__Exercise__:
Repeat exactly the stretch of lines that starts with the one containing "Photo de Coombe Country Park Car Park" and ends with the last line of the material. Leave out pictures.

(Material supplied begins)

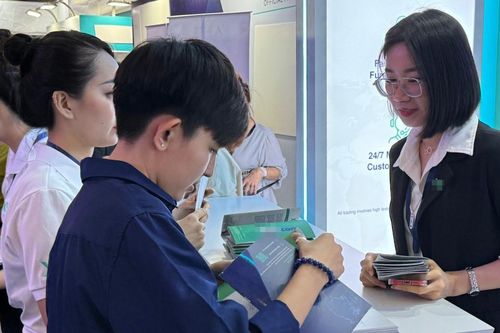 Núp bóng hội thảo công nghệ để quảng bá hàng chục sàn forex quốc tế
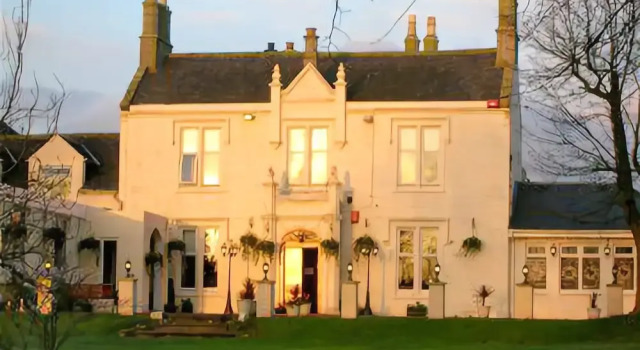 Burnhouse Manor Hotel, Забронировать Отель Бейт Эйршир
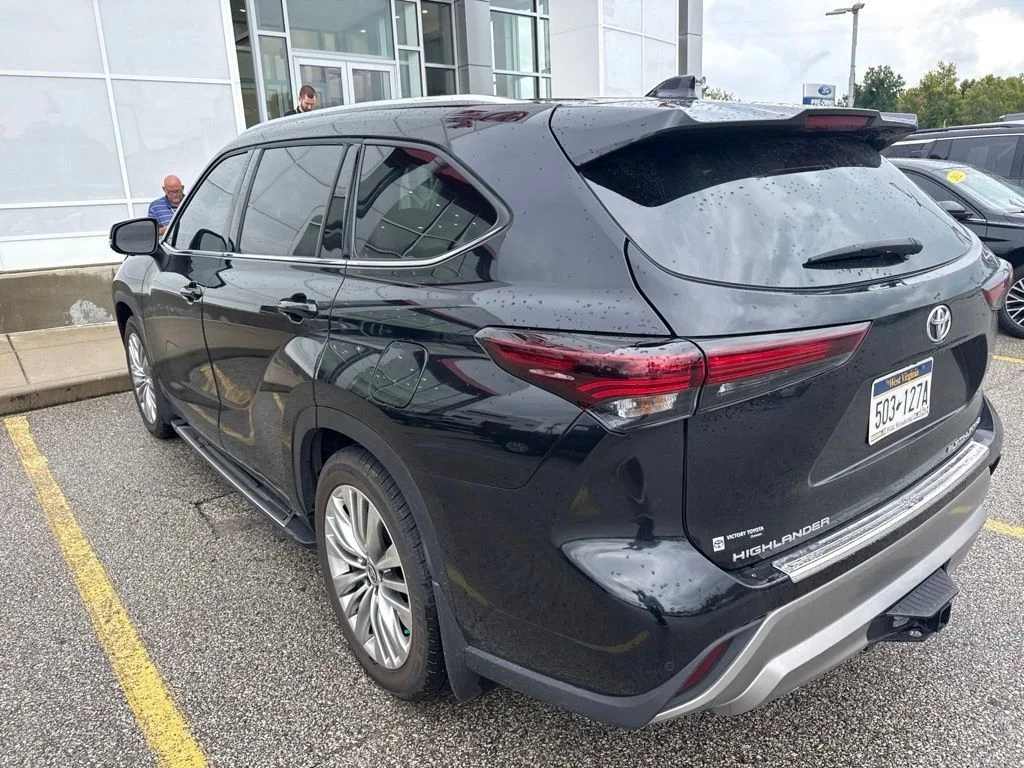 Used 2025 Black Toyota Platinum image 40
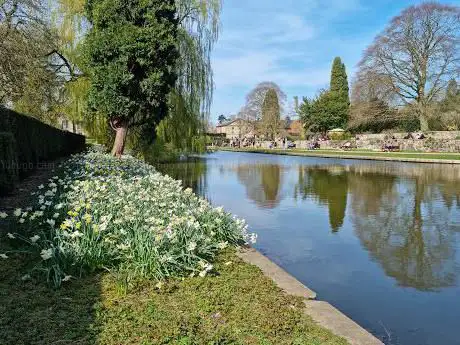 Photo de Coombe Country Park Car Park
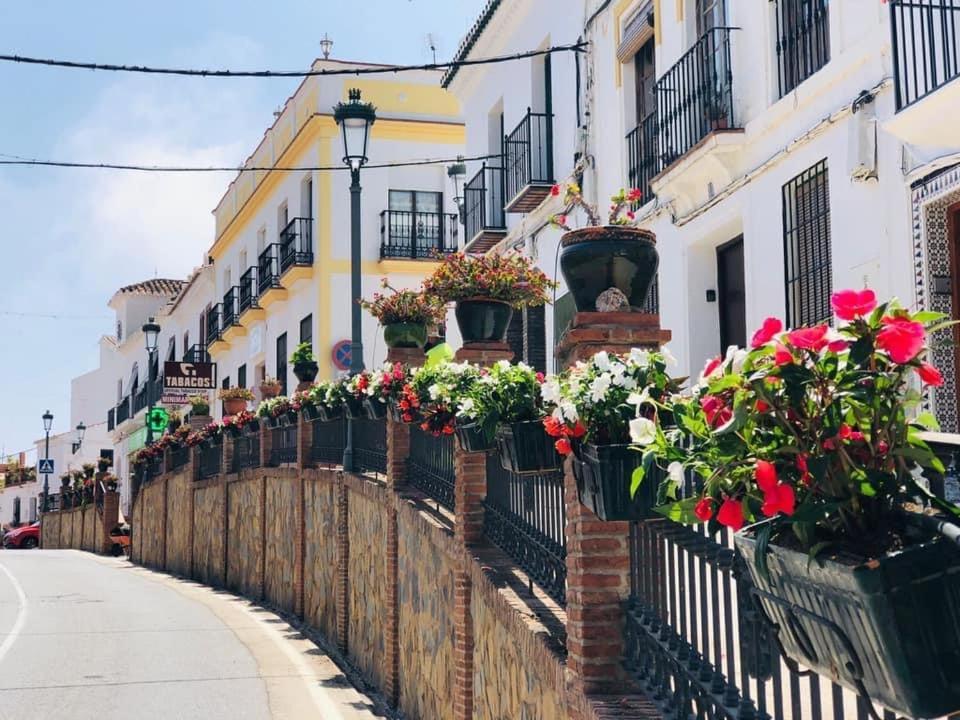 Apartamentos Cantarero Maro Nerja Екстериор снимка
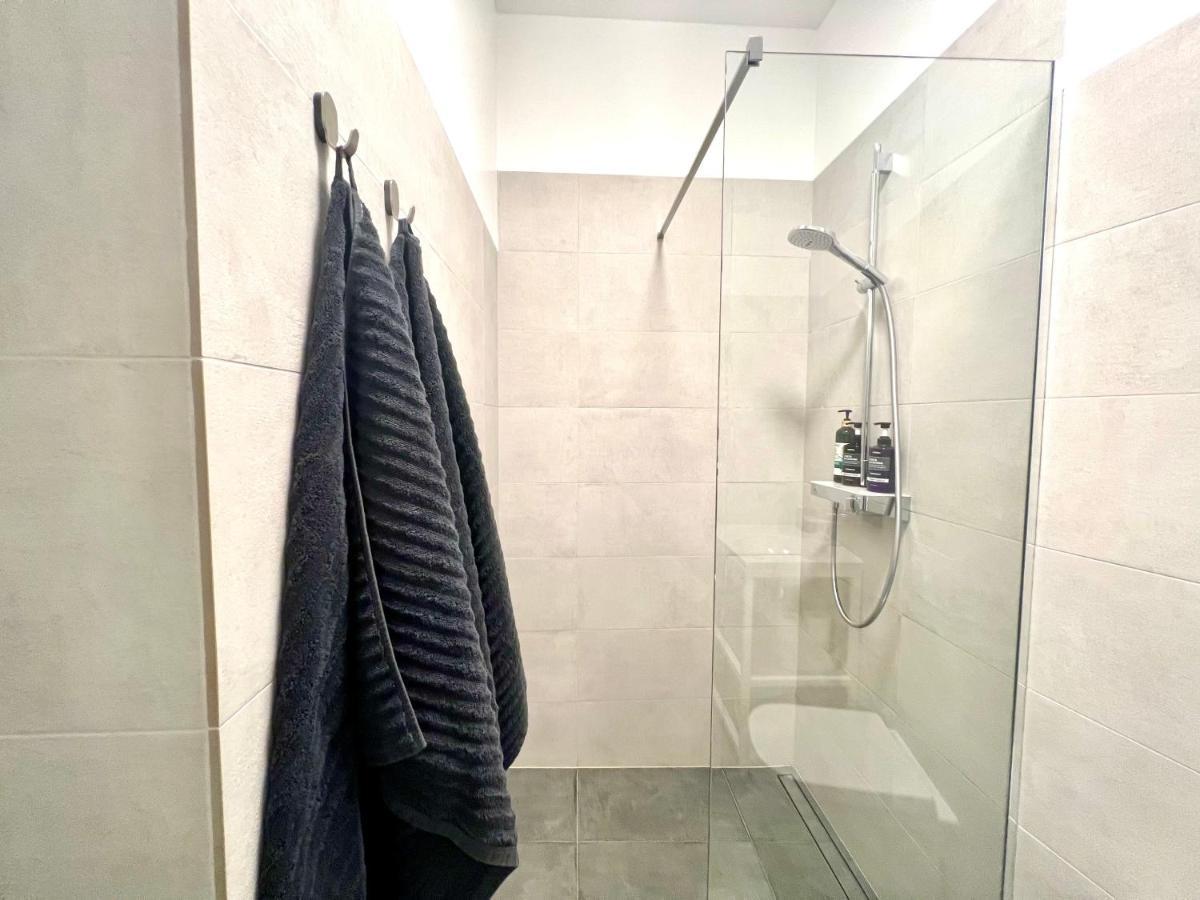 Stylish New Apartment In Riga Old Town - City Centre, Self Check-In, Walkable To Major Attractions Exteriör bild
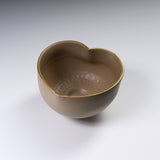 INOME Heart Handmade Matcha Bowl - Amairo : 亜麻色 / 小野 穣 猪目茶碗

(Material supplied ends)

__Task output__:
 Photo de Coombe Country Park Car Park
 Apartamentos Cantarero Maro Nerja Екстериор снимка
 Stylish New Apartment In Riga Old Town - City Centre, Self Check-In, Walkable To Major Attractions Exteriör bild
 INOME Heart Handmade Matcha Bowl - Amairo : 亜麻色 / 小野 穣 猪目茶碗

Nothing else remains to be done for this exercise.